_WORK INSTRUCTION_
Your answer should be an exact copy of the lines from the start of the entries to the line containing "FOTOS | Balcones", both included.

====================

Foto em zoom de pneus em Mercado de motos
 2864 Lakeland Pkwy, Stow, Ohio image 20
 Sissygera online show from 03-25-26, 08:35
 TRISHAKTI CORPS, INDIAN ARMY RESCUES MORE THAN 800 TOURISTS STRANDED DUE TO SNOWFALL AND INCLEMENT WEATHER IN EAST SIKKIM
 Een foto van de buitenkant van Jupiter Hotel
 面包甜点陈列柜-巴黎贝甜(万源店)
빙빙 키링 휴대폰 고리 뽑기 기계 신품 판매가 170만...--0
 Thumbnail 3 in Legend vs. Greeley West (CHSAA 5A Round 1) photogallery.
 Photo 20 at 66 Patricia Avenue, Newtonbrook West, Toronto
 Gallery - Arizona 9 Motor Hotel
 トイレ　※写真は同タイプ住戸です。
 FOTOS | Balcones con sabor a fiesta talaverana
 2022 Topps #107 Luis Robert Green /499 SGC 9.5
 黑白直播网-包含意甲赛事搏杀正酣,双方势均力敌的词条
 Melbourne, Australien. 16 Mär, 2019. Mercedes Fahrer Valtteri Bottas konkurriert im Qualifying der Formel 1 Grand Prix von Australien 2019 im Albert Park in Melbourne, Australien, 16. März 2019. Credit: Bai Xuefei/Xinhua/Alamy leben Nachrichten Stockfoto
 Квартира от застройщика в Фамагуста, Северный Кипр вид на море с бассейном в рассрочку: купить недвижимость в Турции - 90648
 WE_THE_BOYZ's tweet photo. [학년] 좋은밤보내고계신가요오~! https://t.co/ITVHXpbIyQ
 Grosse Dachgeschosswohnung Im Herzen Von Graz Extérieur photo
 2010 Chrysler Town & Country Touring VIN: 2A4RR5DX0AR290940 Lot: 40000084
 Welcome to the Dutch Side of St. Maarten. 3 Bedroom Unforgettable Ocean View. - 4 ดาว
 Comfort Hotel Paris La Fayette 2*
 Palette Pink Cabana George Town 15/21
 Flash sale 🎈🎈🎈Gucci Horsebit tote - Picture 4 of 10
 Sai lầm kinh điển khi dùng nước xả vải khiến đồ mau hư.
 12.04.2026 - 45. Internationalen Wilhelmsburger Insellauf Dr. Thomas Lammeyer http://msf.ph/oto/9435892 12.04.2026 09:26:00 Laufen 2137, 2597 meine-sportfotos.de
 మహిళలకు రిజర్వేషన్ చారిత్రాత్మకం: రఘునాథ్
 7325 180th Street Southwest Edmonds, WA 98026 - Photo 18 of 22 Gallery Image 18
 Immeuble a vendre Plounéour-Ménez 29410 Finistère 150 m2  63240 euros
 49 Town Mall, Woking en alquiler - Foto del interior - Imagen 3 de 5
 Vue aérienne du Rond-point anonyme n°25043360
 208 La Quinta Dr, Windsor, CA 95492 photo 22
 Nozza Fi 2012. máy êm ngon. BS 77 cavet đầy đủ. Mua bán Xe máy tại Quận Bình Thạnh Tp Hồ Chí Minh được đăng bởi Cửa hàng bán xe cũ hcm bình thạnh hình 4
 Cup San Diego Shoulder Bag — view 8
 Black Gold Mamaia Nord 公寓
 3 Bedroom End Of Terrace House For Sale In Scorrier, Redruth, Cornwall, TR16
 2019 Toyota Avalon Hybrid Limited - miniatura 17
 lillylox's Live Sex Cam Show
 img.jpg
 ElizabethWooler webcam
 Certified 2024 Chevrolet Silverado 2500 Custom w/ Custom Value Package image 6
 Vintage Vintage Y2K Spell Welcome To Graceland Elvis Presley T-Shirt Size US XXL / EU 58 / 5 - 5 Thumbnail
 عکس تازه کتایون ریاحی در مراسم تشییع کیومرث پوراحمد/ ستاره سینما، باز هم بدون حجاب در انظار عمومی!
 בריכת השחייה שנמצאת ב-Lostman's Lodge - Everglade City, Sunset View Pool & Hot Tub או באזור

====================

_SOLUTION_
Foto em zoom de pneus em Mercado de motos
 2864 Lakeland Pkwy, Stow, Ohio image 20
 Sissygera online show from 03-25-26, 08:35
 TRISHAKTI CORPS, INDIAN ARMY RESCUES MORE THAN 800 TOURISTS STRANDED DUE TO SNOWFALL AND INCLEMENT WEATHER IN EAST SIKKIM
 Een foto van de buitenkant van Jupiter Hotel
 面包甜点陈列柜-巴黎贝甜(万源店)
빙빙 키링 휴대폰 고리 뽑기 기계 신품 판매가 170만...--0
 Thumbnail 3 in Legend vs. Greeley West (CHSAA 5A Round 1) photogallery.
 Photo 20 at 66 Patricia Avenue, Newtonbrook West, Toronto
 Gallery - Arizona 9 Motor Hotel
 トイレ　※写真は同タイプ住戸です。
 FOTOS | Balcones con sabor a fiesta talaverana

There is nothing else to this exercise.